/---

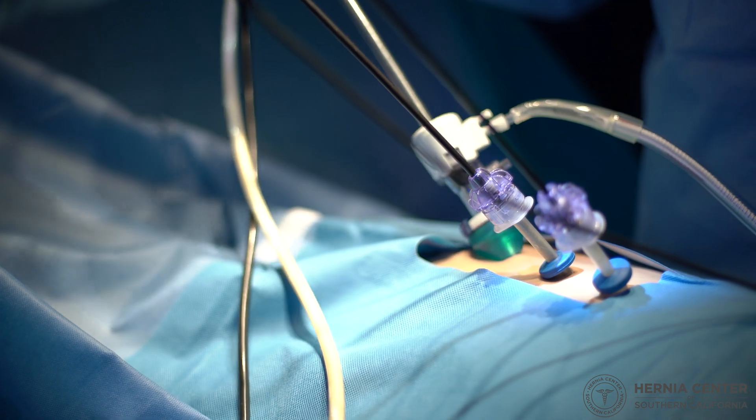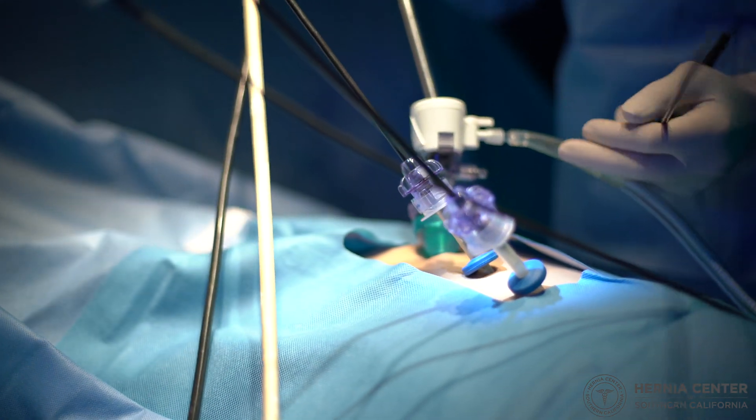The bulge may or may not be painful. It is usually present when the person is standing, and when they lie down it disappears.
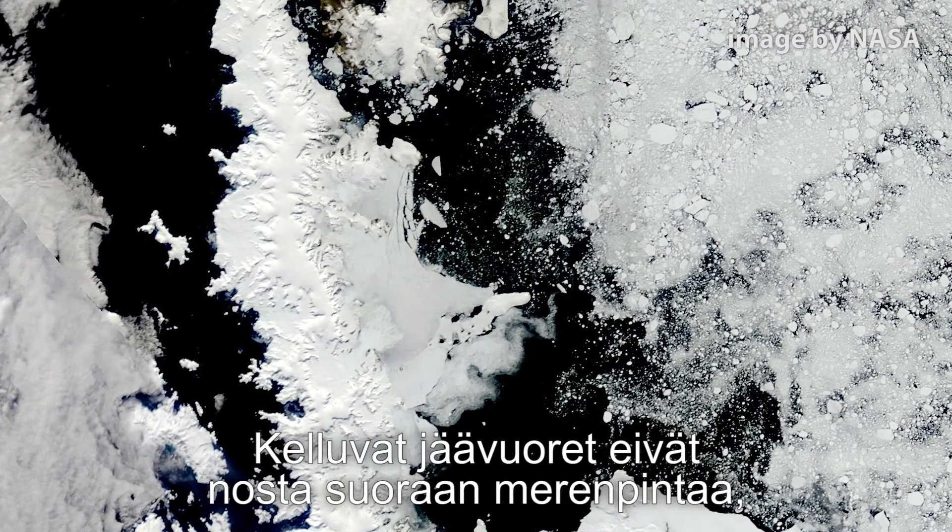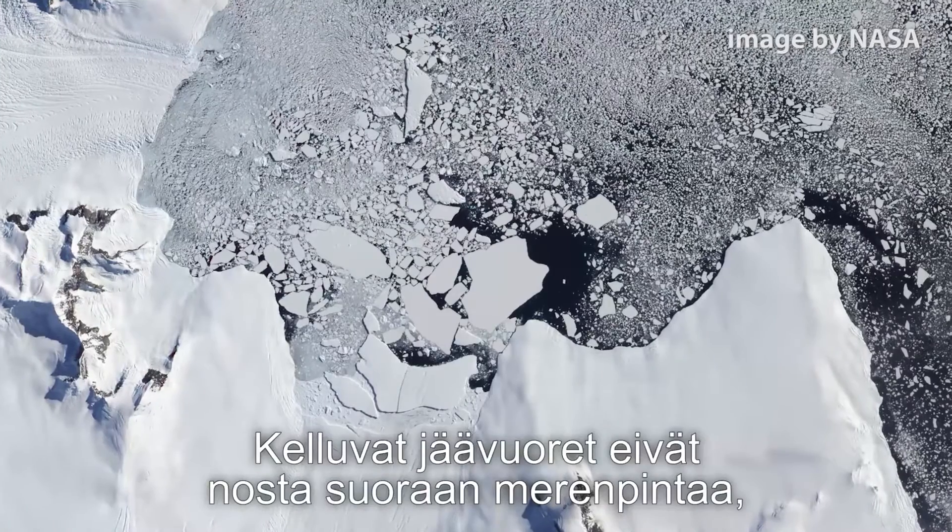But those are floating ice shelves. They don't change the sea level directly because they're already floating.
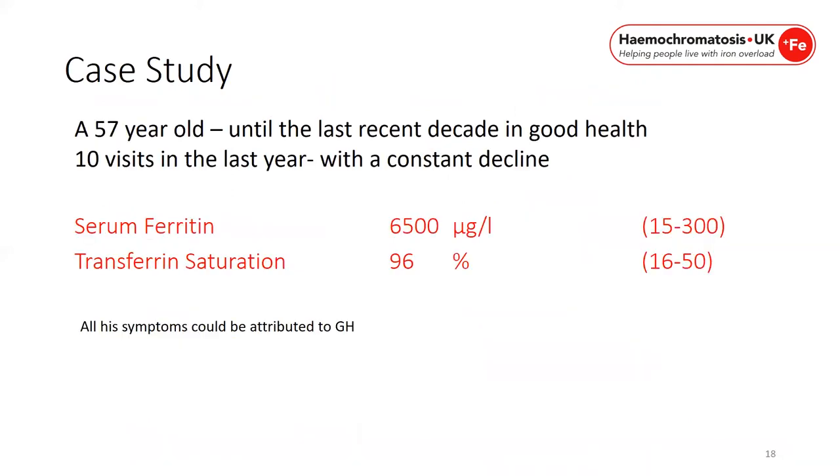Returning to the case study, this gentleman had his iron studies tested — serum ferritin and transferrin saturation levels. His serum ferritin was over 6,500 and his transferrin saturation levels were 96%. He was then able to sit down with his GP and attribute all his symptoms to genetic haemochromatosis. He went on to have genetic testing and was confirmed as a C282Y homozygote. He commenced venesection and his family was tested.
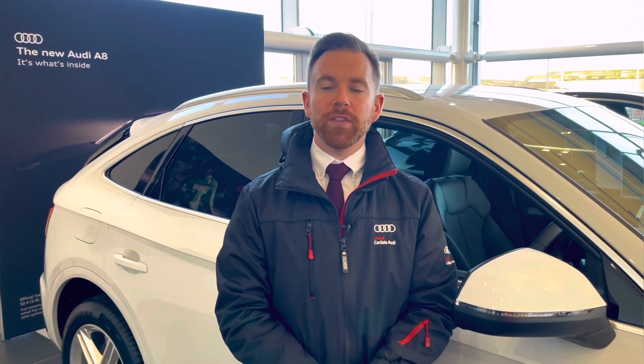This vehicle comes with a minimum of 12 months extended warranty, 12 months road assistance and much more. For any more information on this vehicle or to arrange a test drive please call us now at 01228 371 516 or enquire online. Thank you for watching this video.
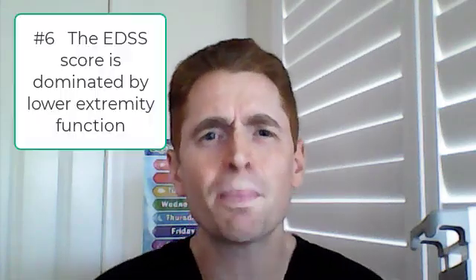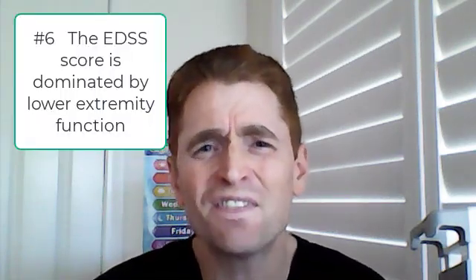Number six: the EDSS is very strongly driven by lower extremity function — the legs tend to trump everything. Vision, cognitive function, fatigue, memory, pain — these things are all, generally speaking, less important based on the way the EDSS is scored, particularly when it comes to higher levels of disability. Sure, the legs are important, but they're not the only thing affected by MS.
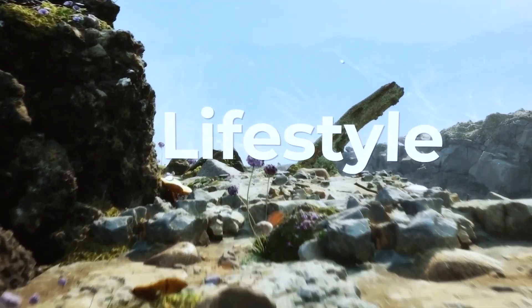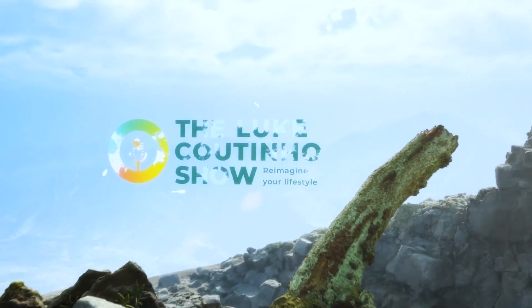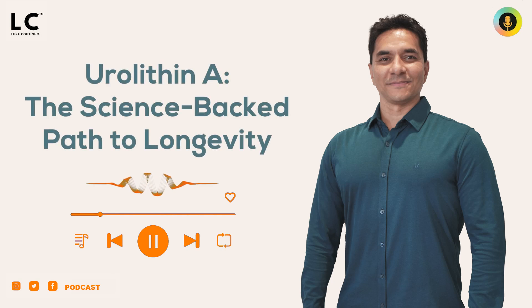Welcome to the Lou Coutinho Show, where we can learn to reimagine our lifestyle. I hope you're doing good. Today, I want to talk about something which, when we include in our diet, we can improve our muscle health and performance.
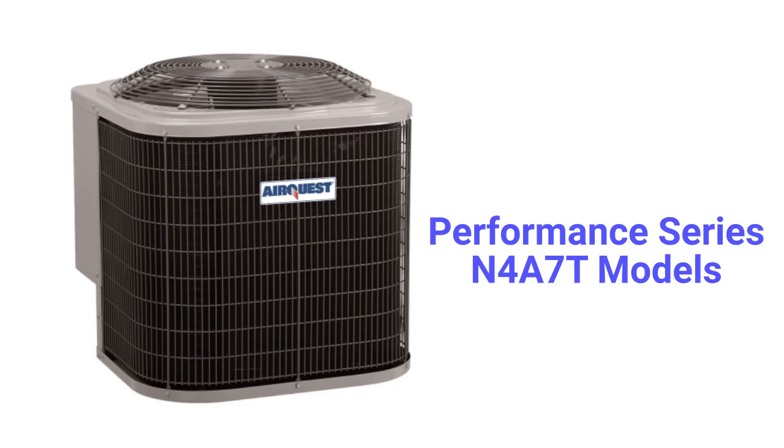The Performance Series N4A7T models are premium units but only have a 17 SEER cooling efficiency.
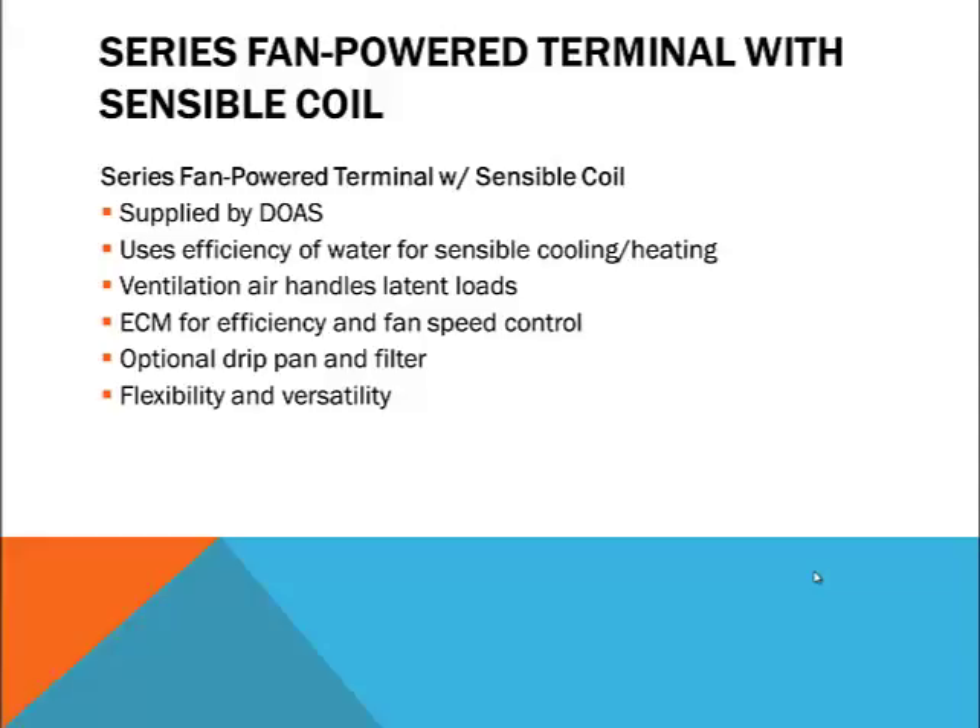The series fan powered terminal with sensible coil is typically supplied by a DOAS and takes advantage of the efficiency of water to handle sensible loads, just like an active beam, but it is more flexible and less plumbing is required. It allows the designer to choose from a wide range of air outlets to create the ideal air pattern or to complement the architectural style of a project. Optional drip pans provide additional insurance against possible water damage, and return air can be filtered for improved indoor environmental quality.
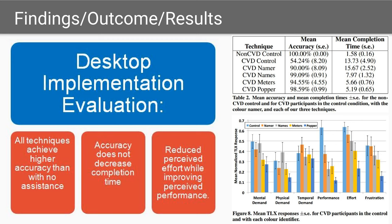Results for the desktop implementation show that all techniques achieve higher accuracy than with no assistance. Accuracy doesn't decrease completion time either. For example, color popper takes the least time with nearly 100% accuracy. Moreover, there is a reduced perceived effort while improving perceived performance.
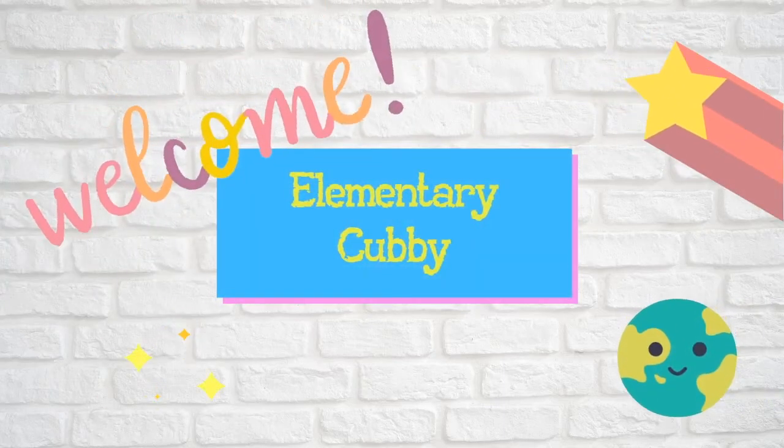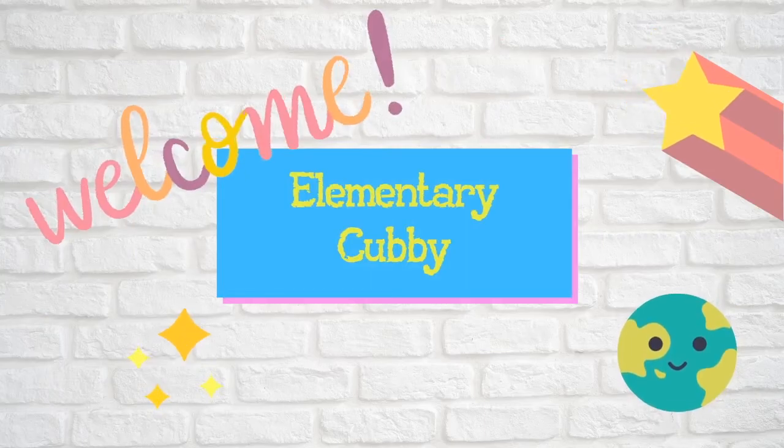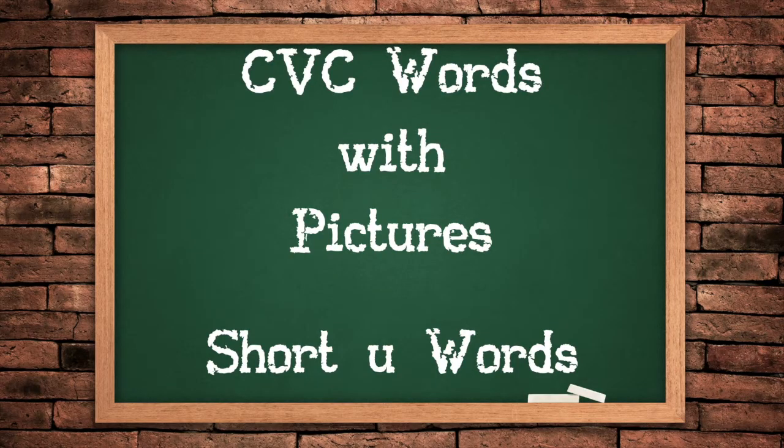Hello! Welcome to Elementary Cubby! Today we're going to practice reading CVC words with the short U sound. Try saying the word before the picture pops up. When the picture pops up, use it to see if you said the word correctly. Have fun!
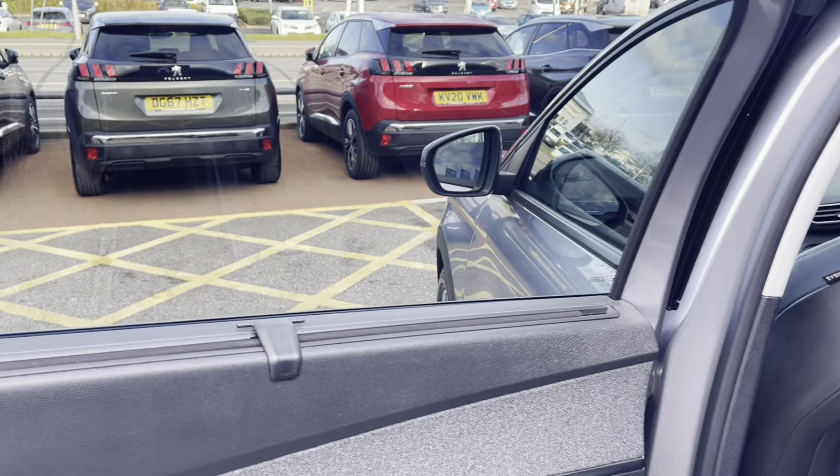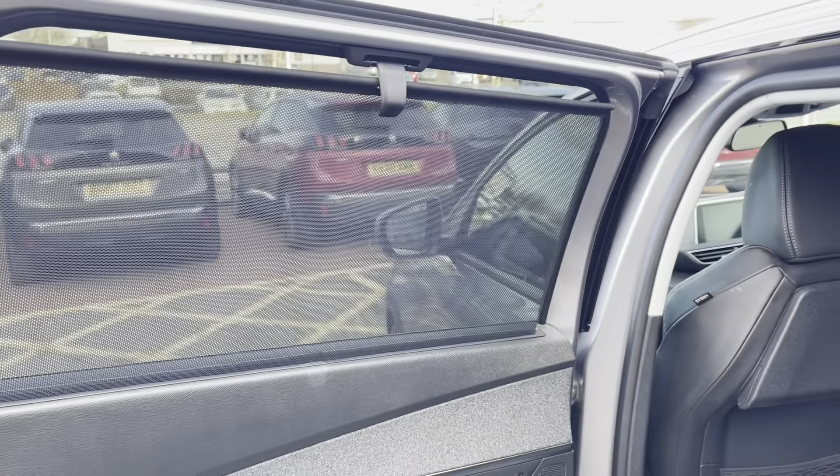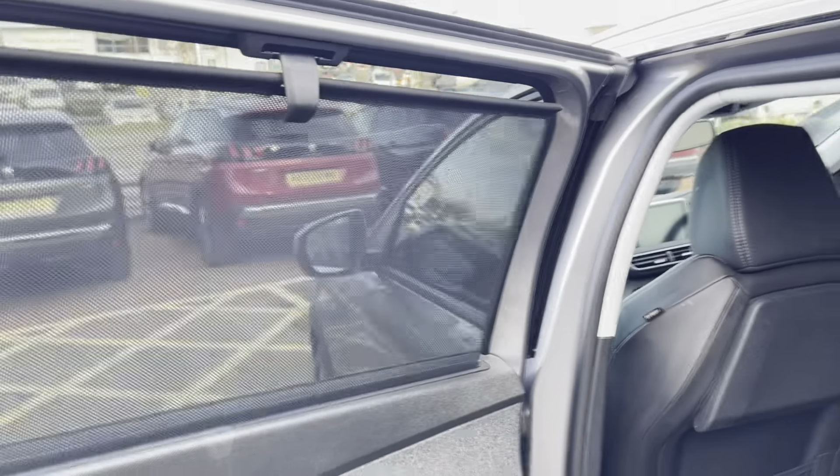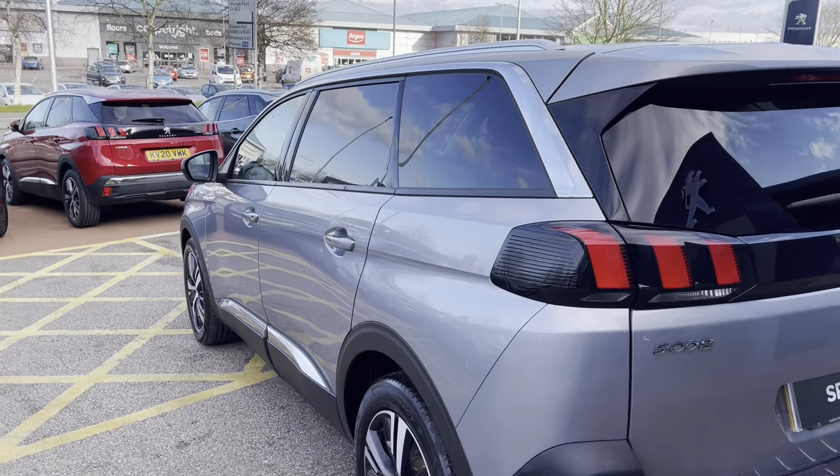We also have the window covers on the windows which block the light out, just in case anybody wants a little sleep in the back of the car. Leaving the car we will see the tinted rear windows which are perfect for adding that extra bit of privacy and security to every journey.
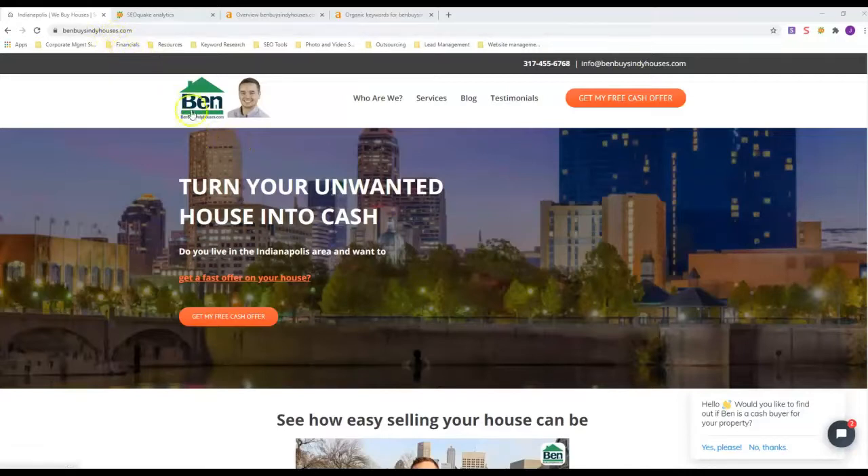I'm in Indianapolis, so I'm going to use BenBuysIndyHouses.com. He's all over the front page of Google for Indianapolis, and I've done some research and seen that he actually does a lot of things right for this industry in my area, so we're going to take a look at his site for comparison.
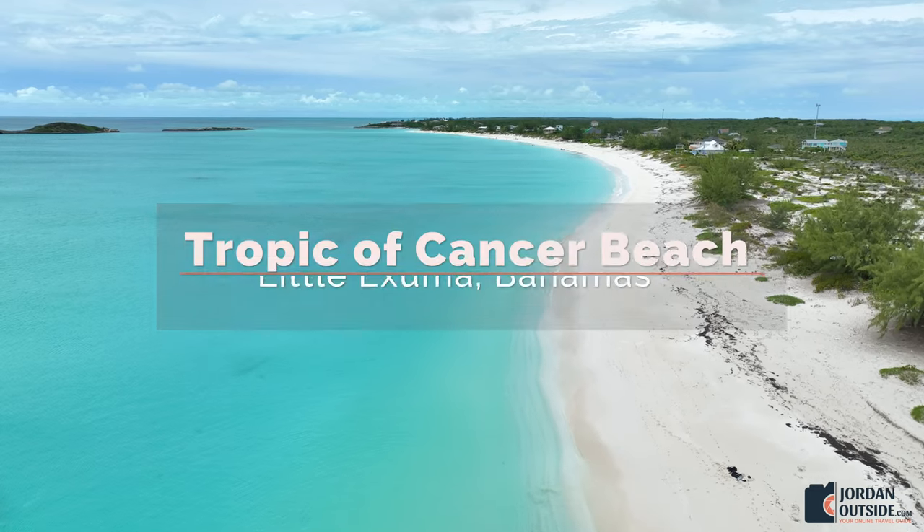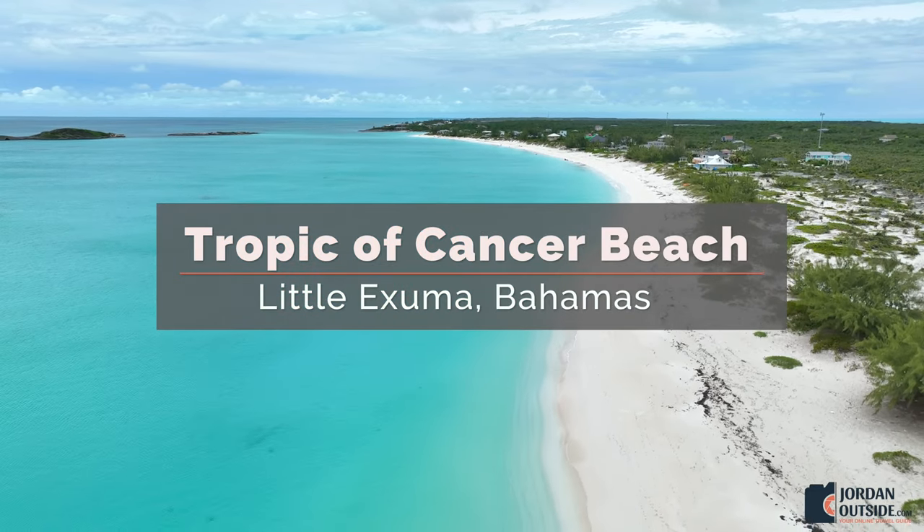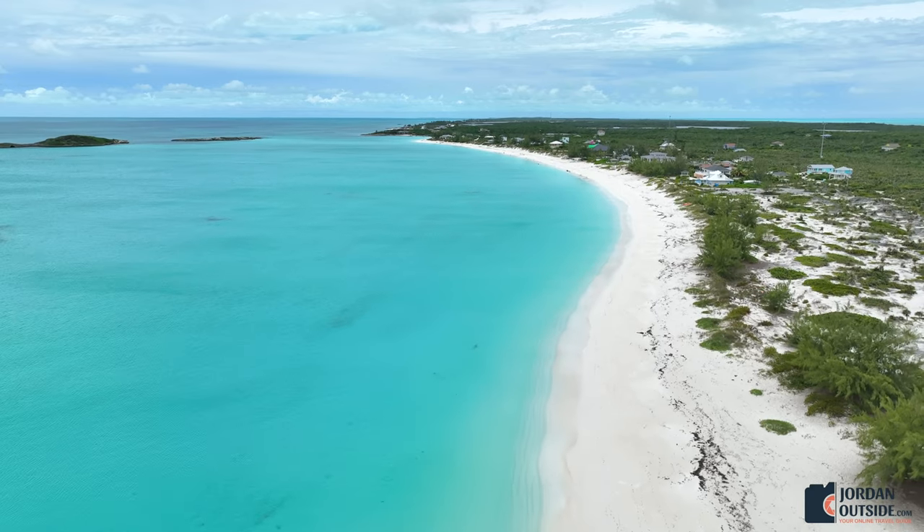We absolutely love the Tropic of Cancer beach on Little Exuma. This is on the south end of Little Exuma. It's a really long beach, but it's definitely worth going.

\---

Task brief
Repeat only what runs from the first line of the records above to the line with "But those are", both included, word for word, minus the pictures.

Response to the exercise
The bulge may or may not be painful. It is usually present when the person is standing, and when they lie down it disappears.
But those are floating ice shelves. They don't change the sea level directly because they're already floating.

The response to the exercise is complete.